Djk={(xi,ψ(Li,lj,lk))|φ(Li,lj)≠φ(Li,lk)} (2)
wherein D isjkRepresents a label pair (l)j,lk) A corresponding training subset.
In an implementation, when selecting a label pair (l) from the multi-labeled training set Dj,lk) Corresponding training subset DjkThen, a classification learning algorithm can be adopted to perform classification learning on the two labels to obtain a label pair (l)j,lk) And a plurality of two classifiers in one-to-one correspondence.
Step S202: and respectively inputting the test set into a plurality of two classifiers obtained by training, and calculating first votes obtained by the examples corresponding to the samples in the test set on the labels of all types.

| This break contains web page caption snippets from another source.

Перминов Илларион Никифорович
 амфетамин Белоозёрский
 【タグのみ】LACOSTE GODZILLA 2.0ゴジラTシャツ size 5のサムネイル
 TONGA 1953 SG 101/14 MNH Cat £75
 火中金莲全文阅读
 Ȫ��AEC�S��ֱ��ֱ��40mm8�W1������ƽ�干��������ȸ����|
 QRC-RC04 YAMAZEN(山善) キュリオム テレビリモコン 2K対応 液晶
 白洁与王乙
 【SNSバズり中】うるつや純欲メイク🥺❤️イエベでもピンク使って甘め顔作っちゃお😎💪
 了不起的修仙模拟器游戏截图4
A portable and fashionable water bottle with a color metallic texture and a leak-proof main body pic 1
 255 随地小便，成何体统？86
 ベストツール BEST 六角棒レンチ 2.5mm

In an embodiment of the present invention, the first votes obtained by the instances corresponding to the samples in the test set on the tags of the respective types are calculated by using the following formula:
wherein, ζ (x)i,lj) Represents example xiOn the label ljVotes obtained above, ClfjkRepresents a label pair (l)j,lk) A corresponding two-classifier is used for classifying the data,indicating that the samples are correctly predicted as negative examples in the training subset whenIndicating that the sample was correctly predicted as a positive example in the training subset.
Step S203: and respectively adding the corresponding virtual labels into each sample in the corresponding training subsets to obtain training subsets corresponding to label pairs formed by the corresponding type labels and the virtual labels, and respectively training by adopting the obtained training subsets to obtain a plurality of auxiliary two classifiers in one-to-one correspondence with each type label.

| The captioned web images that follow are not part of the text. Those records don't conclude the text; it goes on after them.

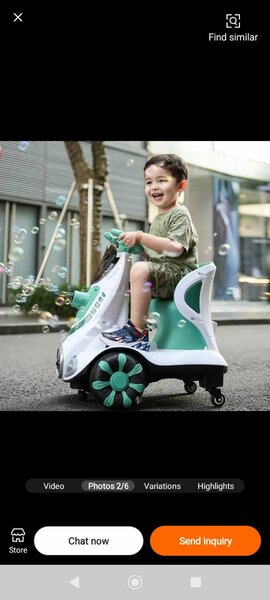 Trottinette électrique enfant amusante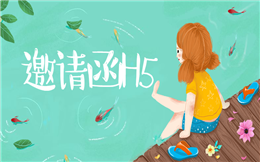 【电子邀请函H5】蹭对了热点,一封H5邀请函也能撬动百万流量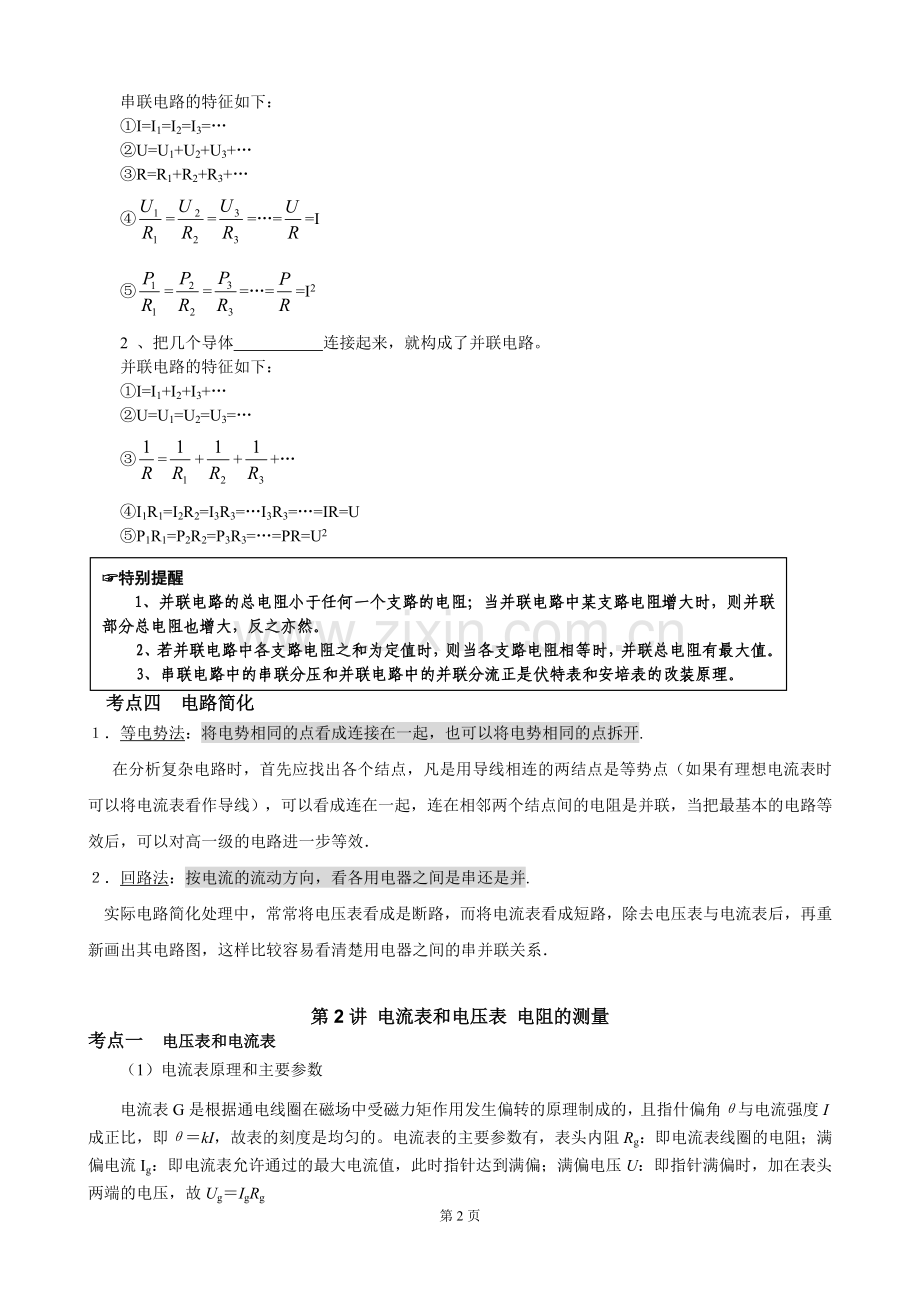 高三物理选修3-1恒定电流知识点复习.doc_第2页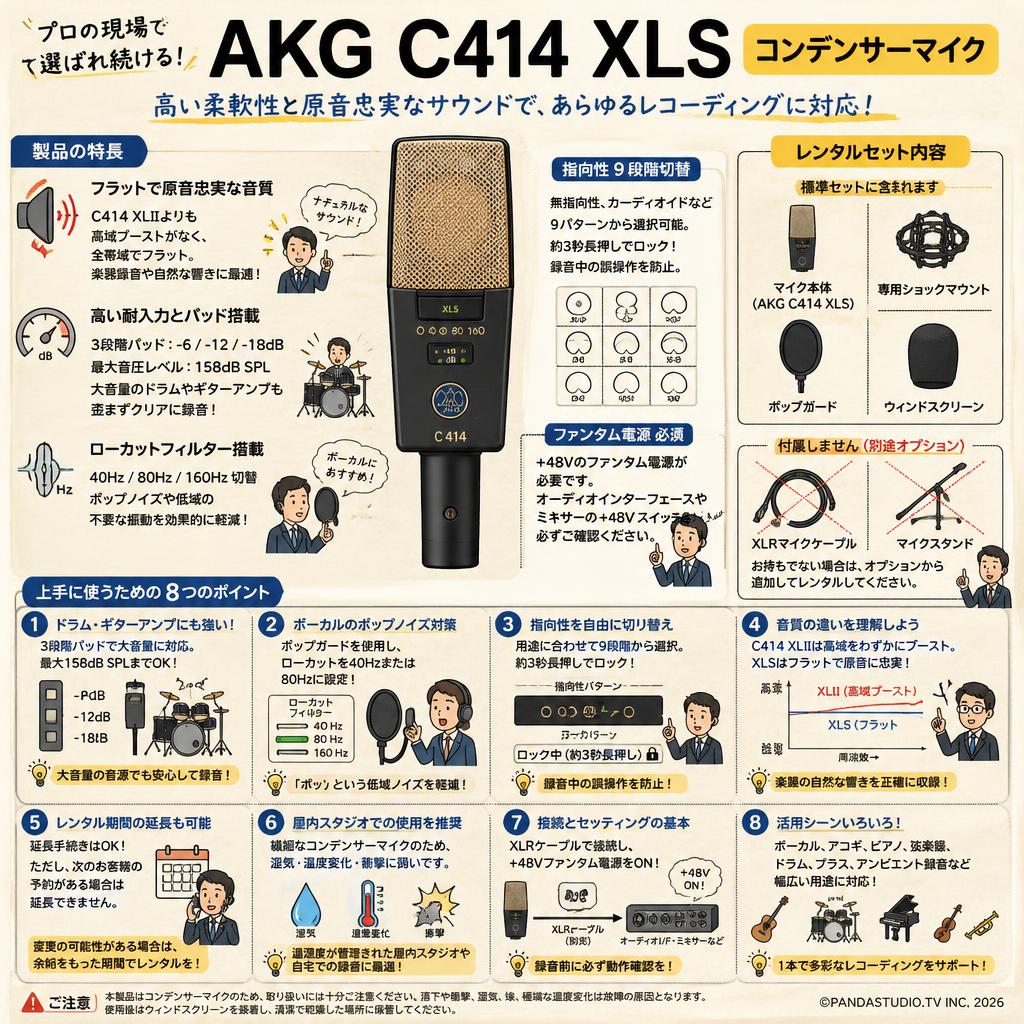 AKG  C414 XLS コンデンサーマイク FAQ（よくある質問と答え）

In the implementation, a virtual tag l is usedsAdded to each sample for labeling with xiSegmentation points of related and unrelated labels, for each new label pair (l)j,ls) Respectively obtained corresponding training sets DisAnd for each new label pair (l) using a corresponding two-class learning algorithmj,ls) Respectively obtained corresponding training sets DjsRespectively learning to obtain corresponding K auxiliary two classifiers Clfjs。

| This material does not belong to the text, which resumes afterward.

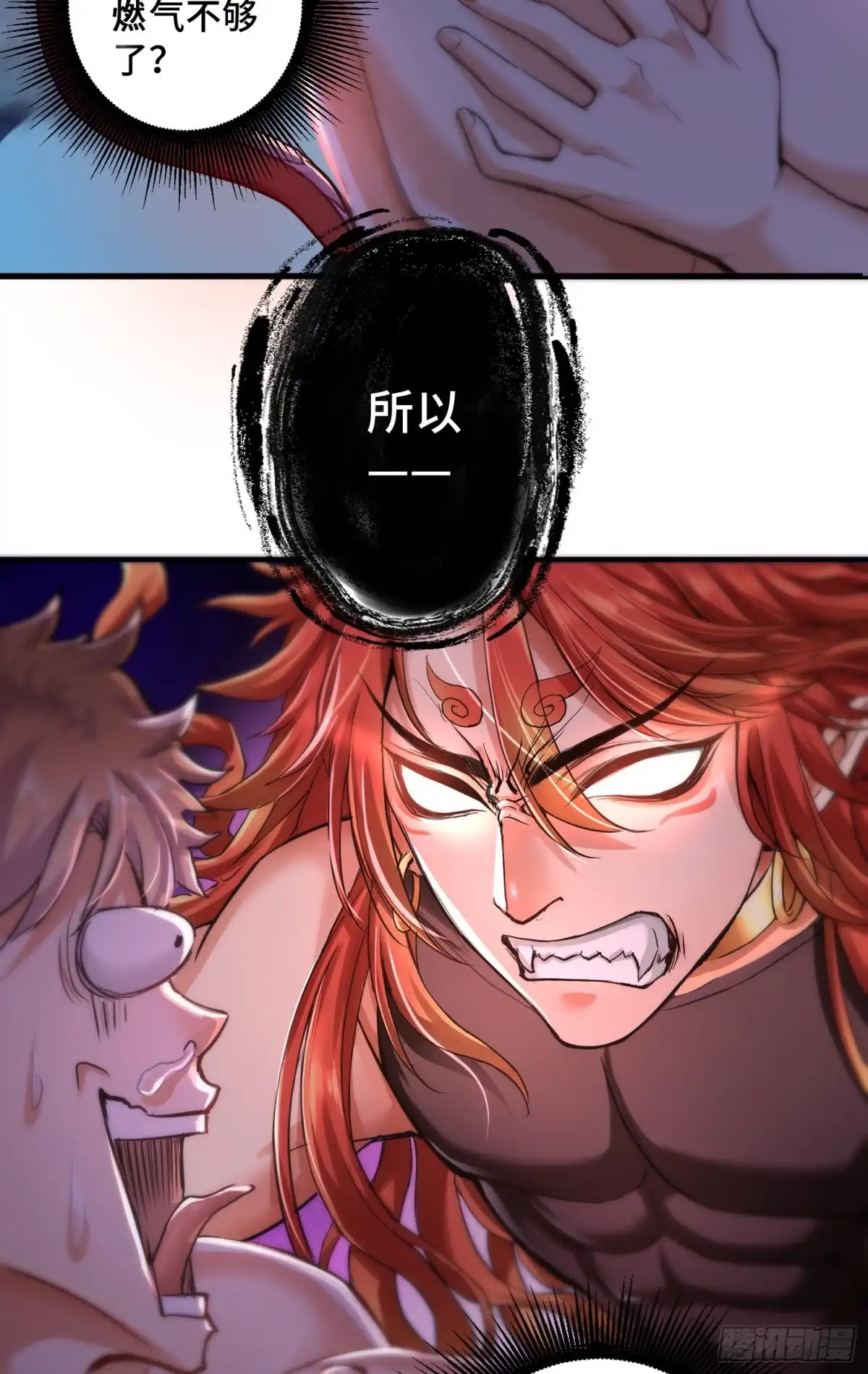 《我的小弟是妖王》沙雕，你要继承我的狗粮吗 第11页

Step S204: and respectively inputting the test set into a plurality of auxiliary second classifiers obtained by training, and calculating a second vote obtained on each type label and a third vote obtained on the virtual label by the corresponding example of the sample in the test set.
In an embodiment of the present invention, the following formula is used to calculate the second vote obtained by the corresponding instance of the sample in the test set on each type label:
wherein, ζ (x)i,lj) Represents example xiOn the label ljVotes obtained above, which have not been updated, ClfjkRepresents a label pair (l)j,lk) A corresponding two-classifier is used for classifying the data,indicating that the sample was correctly predicted as a positive example in the training subset.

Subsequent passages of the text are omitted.